A tumultuous two months at Block has caused Citigroup to sour on the payments company.
Block stock (ticker: SQ) has tumbled nearly 45% since early August as the company has weathered a series of setbacks, including a 48-hour outage on its Square payments app, and the sudden departure of Square’s CEO weeks later.?
Before that drop, Block stock had been one of Citigroup’s top picks with analysts at the bank believing that Block has attractive opportunities to develop new products while strengthening existing ones. Block stock may still have long-term promise, but the analysts have had to cut their expectations in the near term as the stock is unlikely to post a meaningful recovery by year-end
“We remove the stock as one of our top picks, now recognizing upside versus the fiscal year 2023 earnings before interest, taxes, depreciation, and amortization outlook for $1.5 billion is likely off the table and the stock is likely to remain rangebound in the second half of 2023,” the analysts wrote.
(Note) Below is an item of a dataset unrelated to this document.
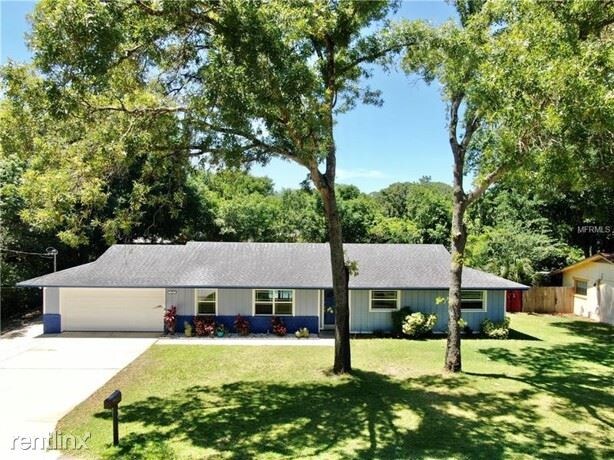 Primary Photo - 3 br, 2 bath House - 1020 Spring Garden St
Even with the less-enthusiastic outlook, the Citigroup team still has a Buy rating on Block stock, saying that the recent plunge in the stock price was an “overshot.” The team lowered its price target on Block shares to $65 from $90. The new price target represents more than 50% upside from a recent price of $41.41.
“We maintain our Buy rating, believing execution can rebound,” the analysts wrote. “For us, Block’s continued ecosystem integration and product development opportunities (both TAM expanders) are too big to ignore over the next 12 months.”
That said, the analysts say it will take some time for Block to repair its recent issues, even though they believe the stock is bottoming. With the $65 price target, Citigroup is anticipating a 25 times to 30 times multiple of enterprise value/Ebitda, down from a 35 times to 40 times EV/Ebitda multiple.
Block stock is down 0.9% in Wednesday trading while the S&P 500 is up 0.4%.